Steven Malone | 95 comments Ask help from a 'librarian'. Did I spell that right? Seems like somewhere around here you can even access the 'librarian manuel'. Or, I emailed my problems in and got help fairly quickly. Somewhere there is a contact button for that email.

It's hard to learn your way around at first.


message 2: by Steven (new)

Steven Malone | 95 comments P.S. look below at the 'our blog' button. Very bottom.


message 3: by Darlene (new)

Darlene Deluca (darlenedeluca) | 20 comments David P wrote: "Perhaps it is just me but I find Goodreads just about unusable as an author - I can't even seem to get my own books linked to my account and usually end up with another account which I am then unab..."

You must be doing something right! You've got more than a thousand friends on Goodreads!


message 4: by Paula (new)

Paula (paulaan) | 332 comments What exactly are the issues with the books?

If you post links to the books / author profile causing you problems either here or in the GR Librarians group someone will help

http://www.goodreads.com/group/show/220


message 5: by Frederick (new)

Frederick Coxen (FLCoxen) | 161 comments I agree with everyone else about the lack of benefits that goodreads offers authors. You can't promote your books or contact those interested in reading them. Except communicating with other authors and exchanging ideas - what are the benefits


message 6: by Hannah (new)

Hannah (normalgirl) | 398 comments P&P? Paid Postage?


message 7: by J.H. (new)

J.H. Walker (jhwalker) I had a problem with my name as I use initials, J.H.Walker. Also, I'm not a computer wiz. I contacted the Goodreads customer service and got some of the best service I've ever gotten from any customer service. They were fast, concise,and gave good information. They were friendly and solved the problem immediately. I was impressed. You might try them. I think Goodreads is an amazing site. As for being able to promote our books, there needs to be some kind of guidelines. Goodreads is primarily a site for readers. It would probably be overwhelming for readers if you could just promote any way you wanted. Anyway, try the customer service. They rock.


message 8: by Debbie's Spurts (D.A.) (last edited Feb 10, 2013 12:37PM) (new)

Debbie's Spurts (D.A.) As a librarian, the confusion I see is the goodreads "book data pages" versus the "book product pages" authors are used to dealing with at amazon and other bookseller sites. If any of your books are added to the wrong author profile (particularly by eager fans who cannot spell or type well even to match what is on a bookcover), post in librarian group because you cannot edit another author's books. If your books are not on goodreads at all, you or any member of goodreads can add or you can post a request in librarian group to have the book(s) added to the database. Database, blanks to fill in like title, author, isbn, etc. that do not include promotional material/opportunity.

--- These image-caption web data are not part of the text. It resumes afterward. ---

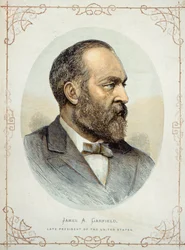 James A. Garfield, later President of the United States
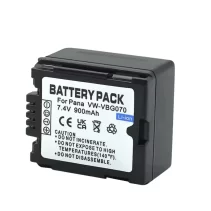VW-VBG070 Panasonic Camera Battery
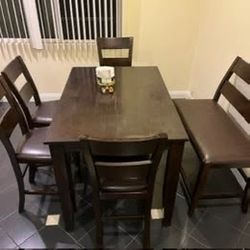 6-piece dining set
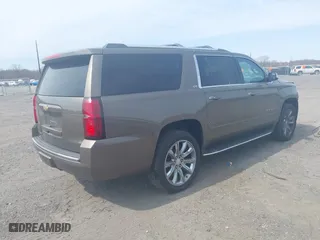 2016 Chevrolet Suburban LTZ with VIN 1GNSKJKC9GR255307, listed as a IAAI auction lot 41785233 with 202,101 mi miles. Bid and sale history available at carsss.com. Image 4.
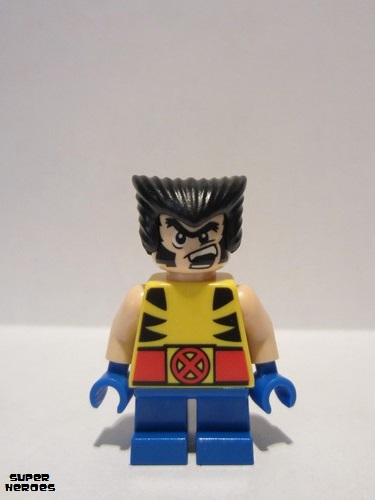 lego 2017 mini figurine sh364 Wolverine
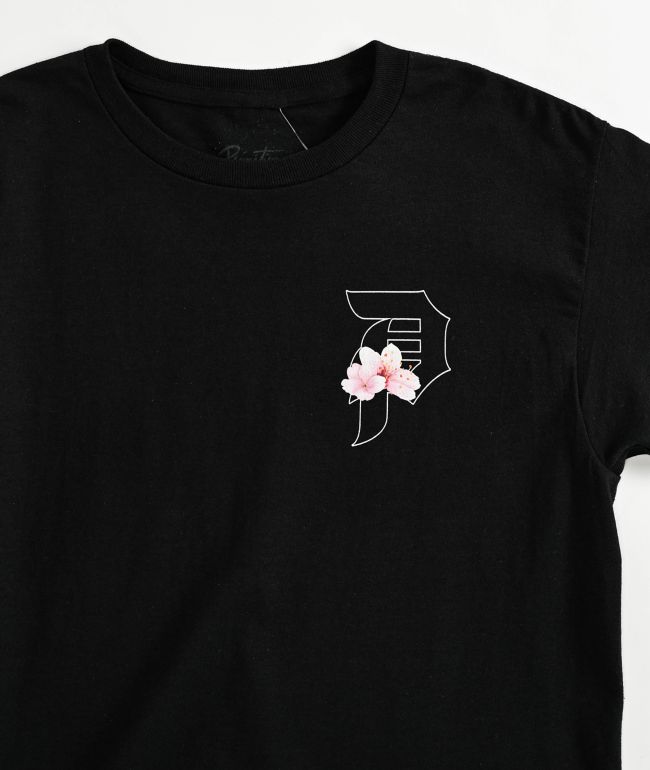 Primitive Kids Sakura Black T-Shirt - thumbnail 3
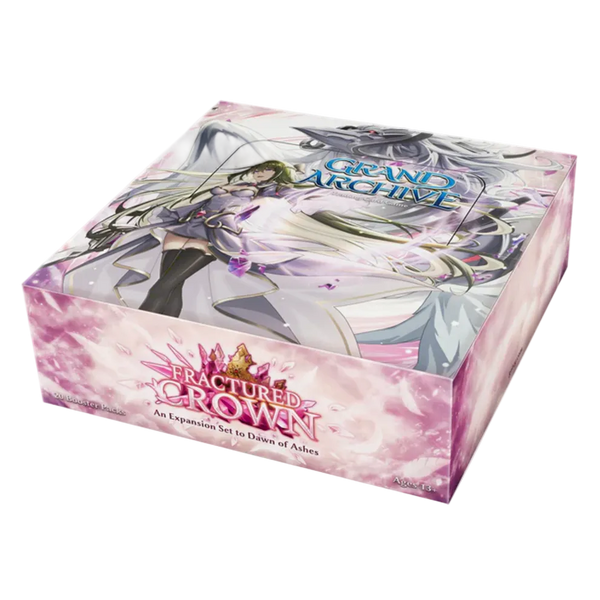 Grand Archive Fractured Crown Booster Box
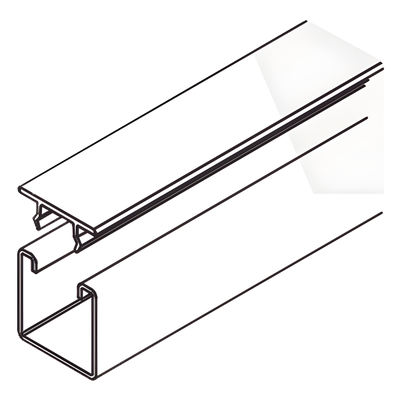 ANC-HA01 - Anclo Tope Unicanal Plano / 3/8" (9.5 mm) / Diseño Compacto ANC-HA01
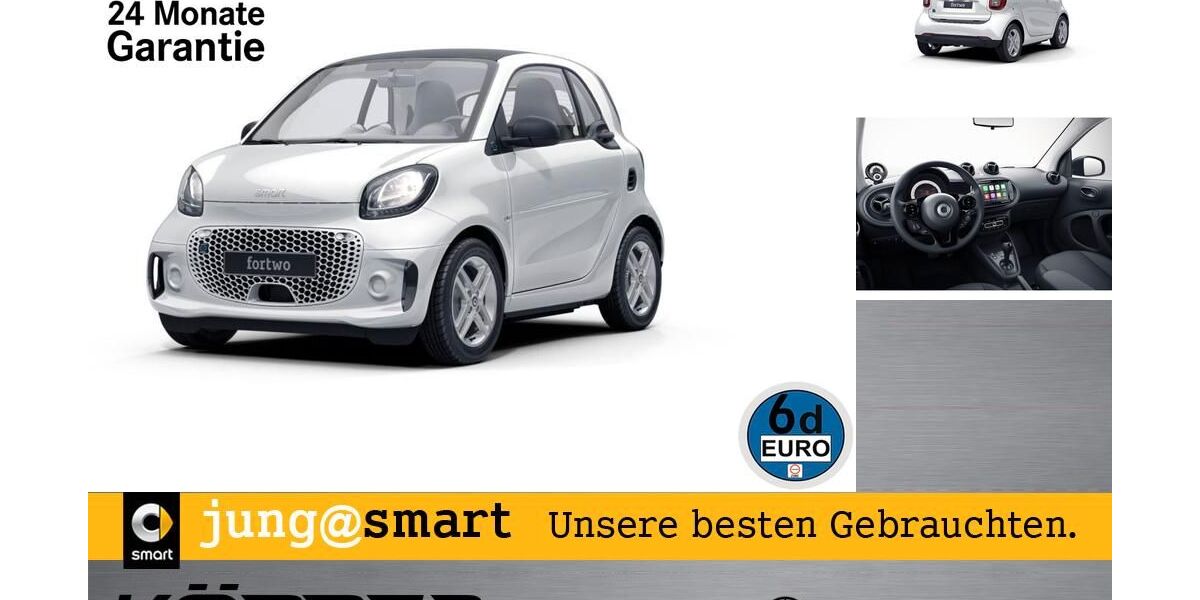 Smart ForTwo 7.528 km 14.998 &euro; Dorsten 46282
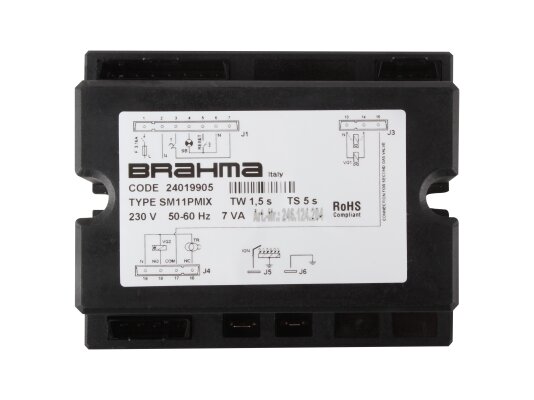 Brahma SM11PMIX Bộ điều khiển đốt 24019905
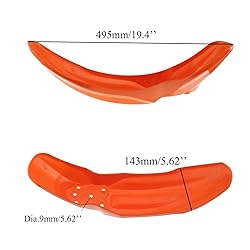PRO BAT 7 PCs Plastic Fender Kit CRF 70 CRF70 Pit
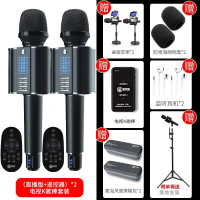 屁颠虫(Hifier)无线话筒音响一体麦克风全民K歌手机抖音套装儿童电视家庭KTV唱歌带U段G20直播双麦版+K歌版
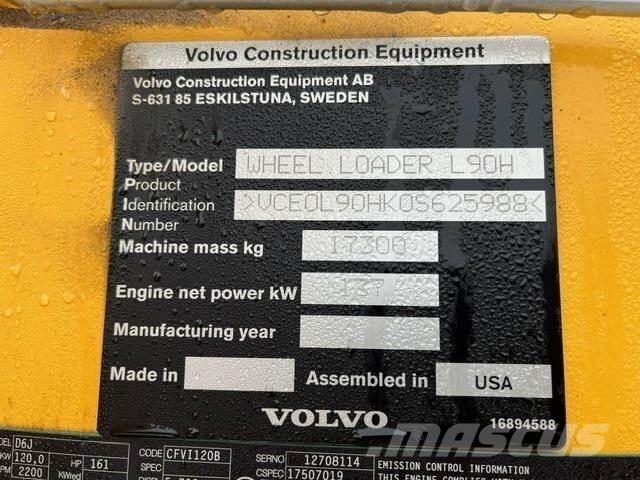 Volvo L90H Колесни товарачи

As a reader, I love how complete the book listings generally are. Particularly for series order. I use goodreads to catalogue my books and to find new reads. Authors I read or whose posts I like, I will fan/follow and don't mind hearing from. I will explore by genre, goodreads recommendations, by similar books, etc.

The day goodreads becomes another inbox to cleanout is the day I export my catalogue to a data file and leave. No one ever likes SPAM in any form.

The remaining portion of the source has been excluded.